**DATASET RECORDS**
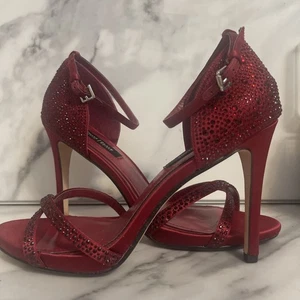 WHITE HOUSE BLACK MARKET GEMINA CRIMSON RED BEADED STILETTO SIZE 9M NWOB - Picture 1 of 8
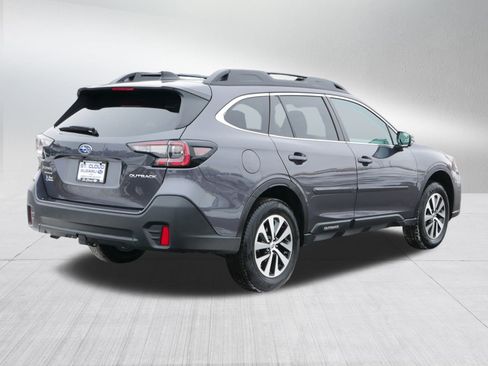 Certified 2022 Subaru Outback Premium image 7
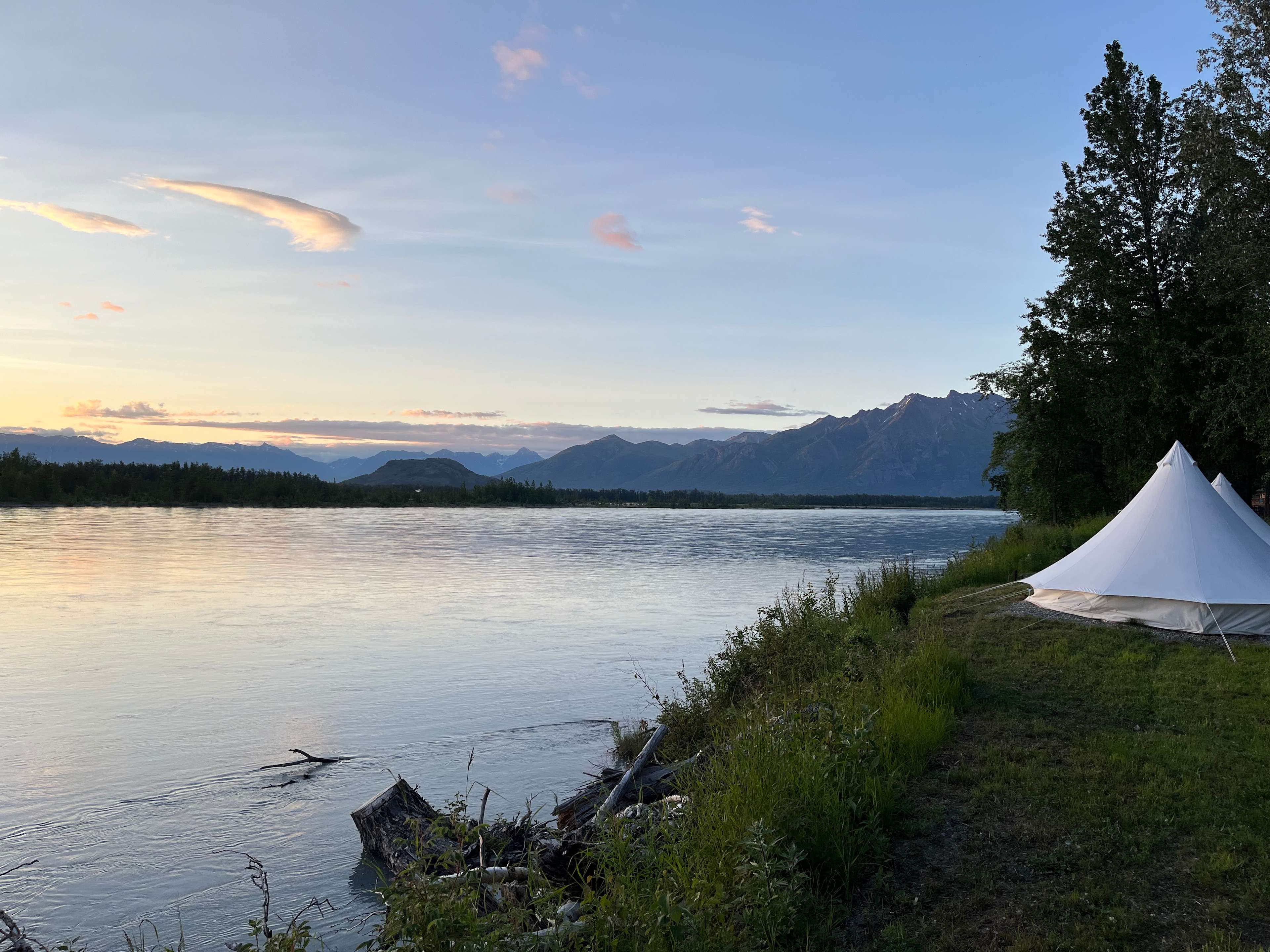 Lulu's Glamping on the Knik River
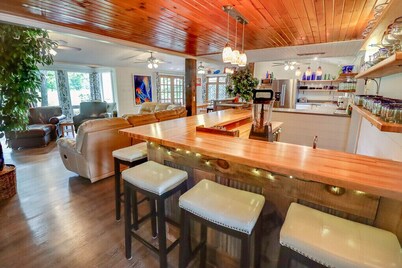 Beautiful golf course property with outstanding views and location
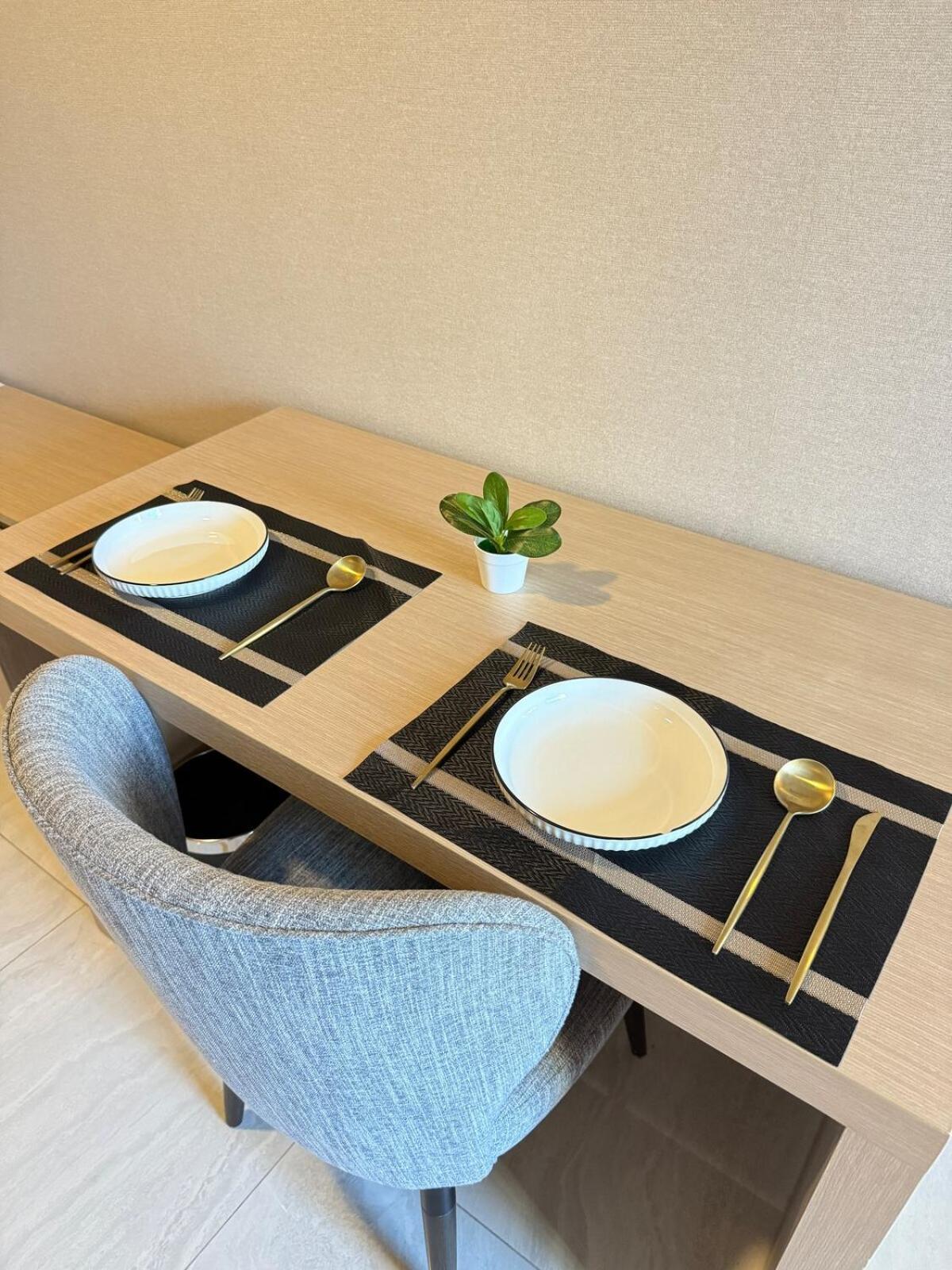 Luxury Furnished Rare Amenities Bangkok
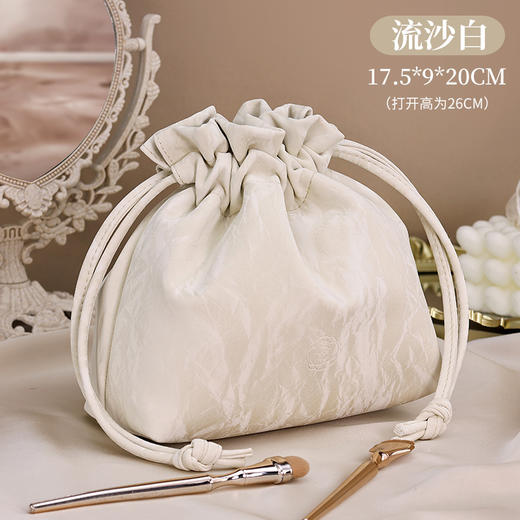 【法式高颜值经典收纳包】随身流沙ins新款 化妆品大容量束口便携懒人包 国庆出行好物 商品图5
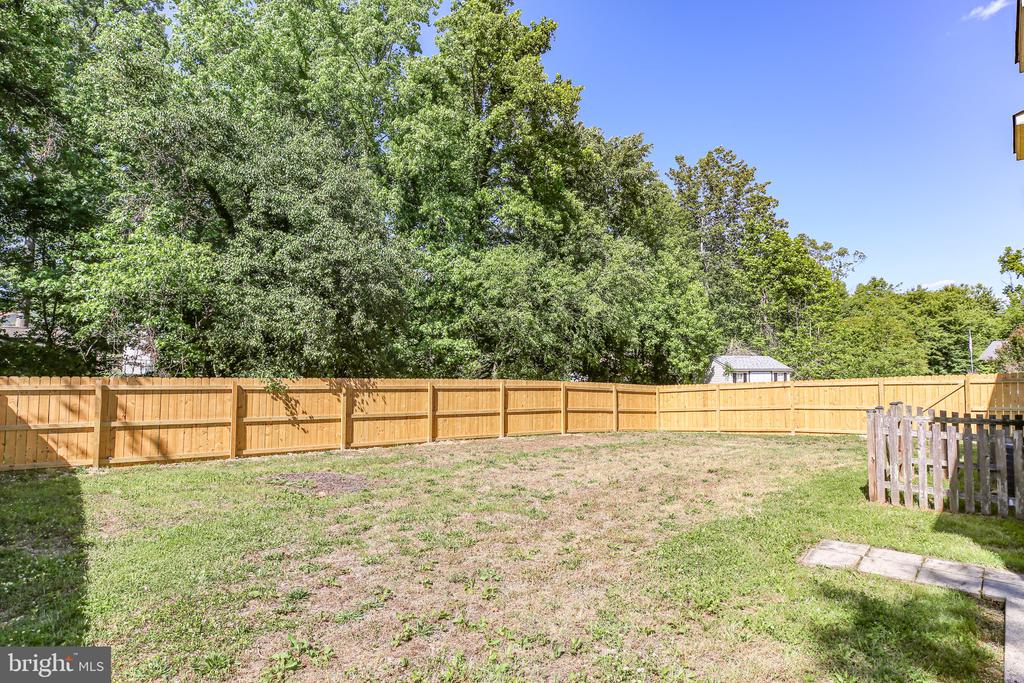 424 LAUREL AVE, FREDERICKSBURG, Virginia 22408, 4 Bedrooms Bedrooms, ,3 BathroomsBathrooms,Residential,424 LAUREL AVE,VASP2041792 MLS # VASP2041792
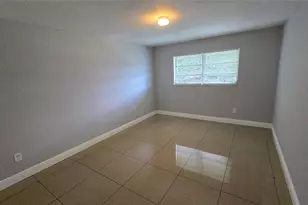 15201 NE 6th Ave, Miami, FL 33162 - Photo 10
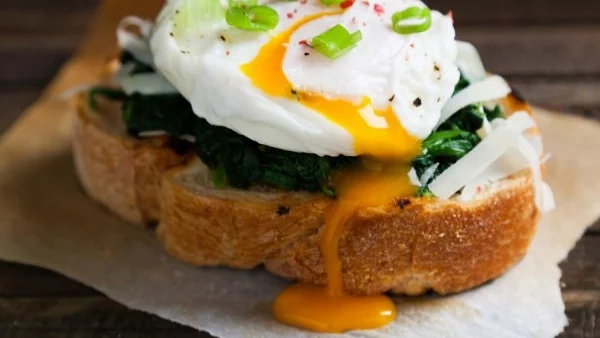 10 бързи рецепти с яйца (видео)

**WHAT THE TASK REQUIRES**
The listing above is to be set down word for word, without its images.

**RESULT**
 WHITE HOUSE BLACK MARKET GEMINA CRIMSON RED BEADED STILETTO SIZE 9M NWOB - Picture 1 of 8
 Certified 2022 Subaru Outback Premium image 7
 Lulu's Glamping on the Knik River
 Beautiful golf course property with outstanding views and location
 Luxury Furnished Rare Amenities Bangkok
 【法式高颜值经典收纳包】随身流沙ins新款 化妆品大容量束口便携懒人包 国庆出行好物 商品图5
 424 LAUREL AVE, FREDERICKSBURG, Virginia 22408, 4 Bedrooms Bedrooms, ,3 BathroomsBathrooms,Residential,424 LAUREL AVE,VASP2041792 MLS # VASP2041792
 15201 NE 6th Ave, Miami, FL 33162 - Photo 10
 10 бързи рецепти с яйца (видео)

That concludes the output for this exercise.